— Work required —
Begin at the line containing "Szekrény TYP 1, wotan tölgy/fehér, CYRIL" in the records below, end at the line containing "China Cleanging Comfortable", and retype each line in that span exactly. No other line and no image should appear.

Stored dataset items:
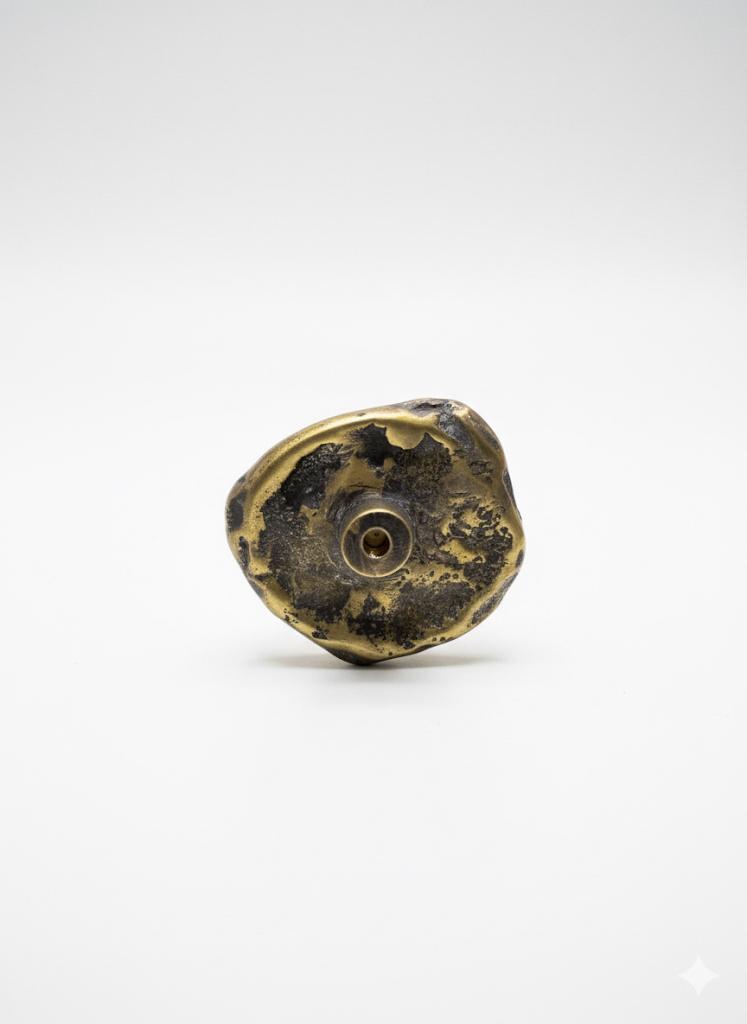 Handcrafted Solid Brass Knob – Textured Antique Finish for Cabinets & Drawers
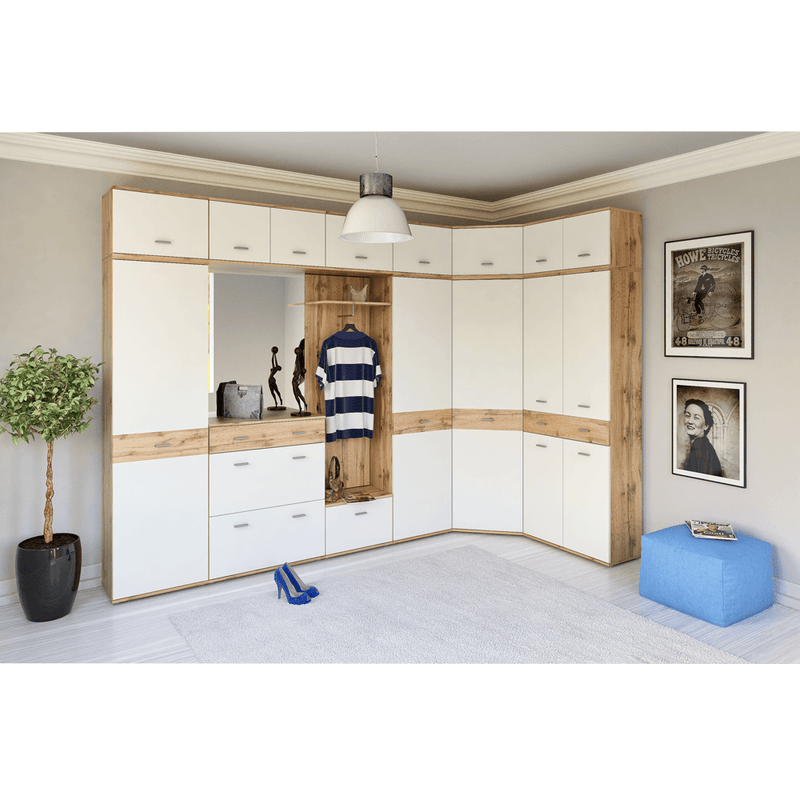 Szekrény TYP 1, wotan tölgy/fehér, CYRIL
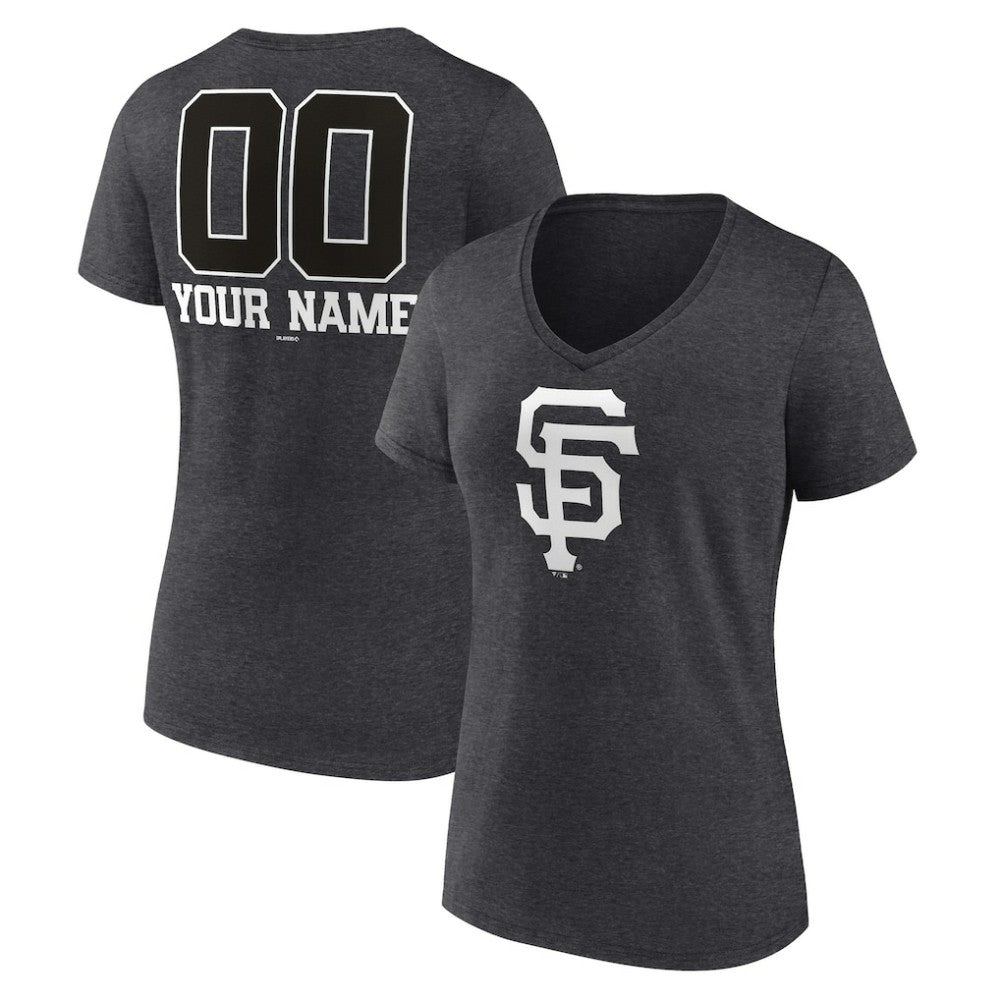 San Francisco Giants Women's Personalized Monochrome Name & Number V-Neck T-Shirt Charcoal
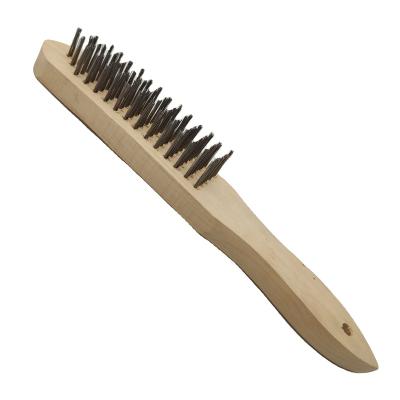 China Cleanging Comfortable Wooden Handle Wire Brush With Carbon Steel Wire for sale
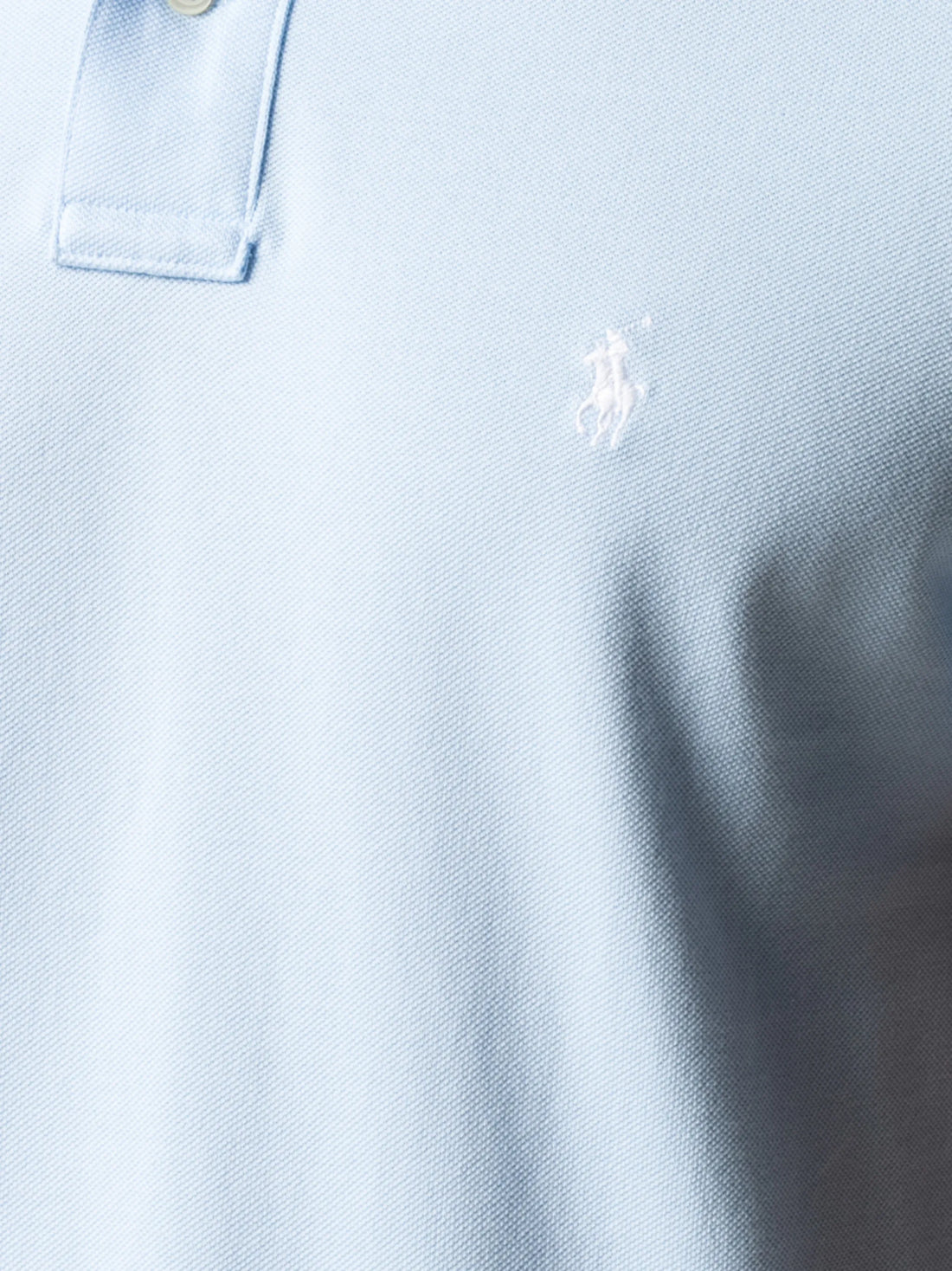 RALPH LAUREN The Iconic Mesh Logo Polo Shirt Light Blue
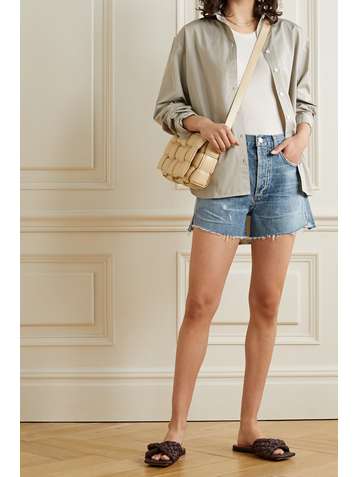 CITIZENS OF HUMANITY + NET SUSTAIN Marlow distressed organic denim shorts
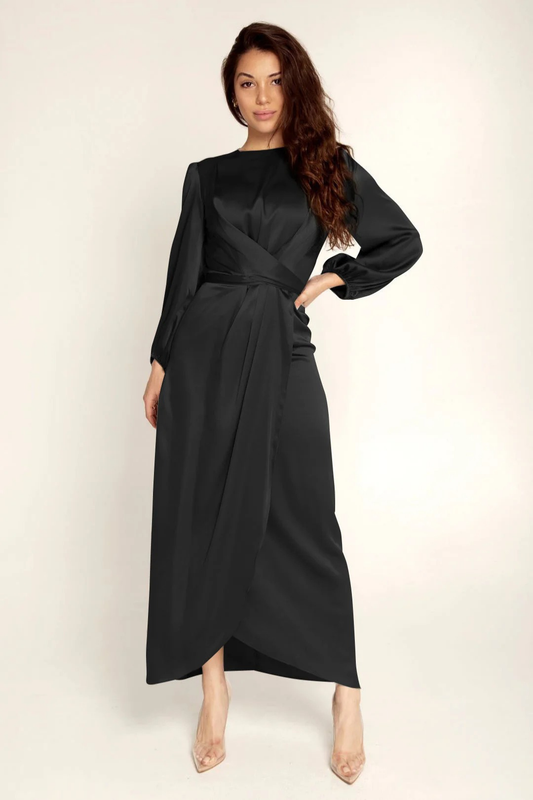 Elara | Damen Elegantes Maxi Abendkleid | Langarm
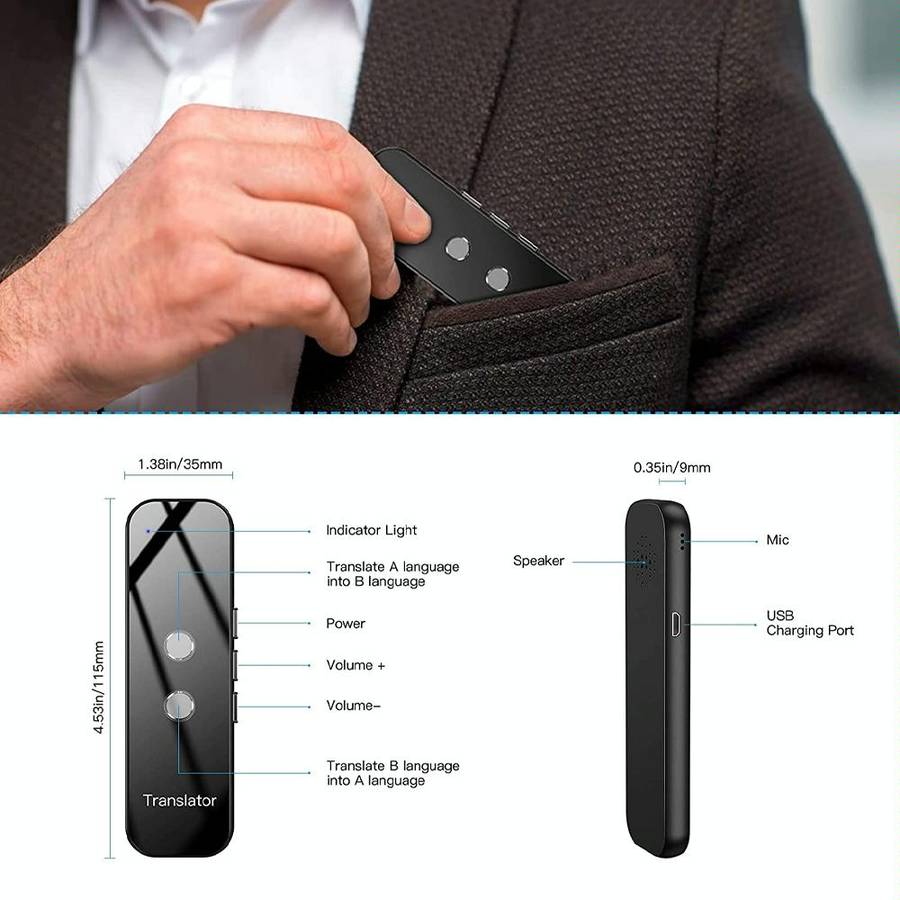 G6 Portable Instant Real Time Voice Translator Multi Language Voice Personal Travel Assistant Tra...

— Solution to the exercise —
 Szekrény TYP 1, wotan tölgy/fehér, CYRIL
 San Francisco Giants Women's Personalized Monochrome Name & Number V-Neck T-Shirt Charcoal
 China Cleanging Comfortable Wooden Handle Wire Brush With Carbon Steel Wire for sale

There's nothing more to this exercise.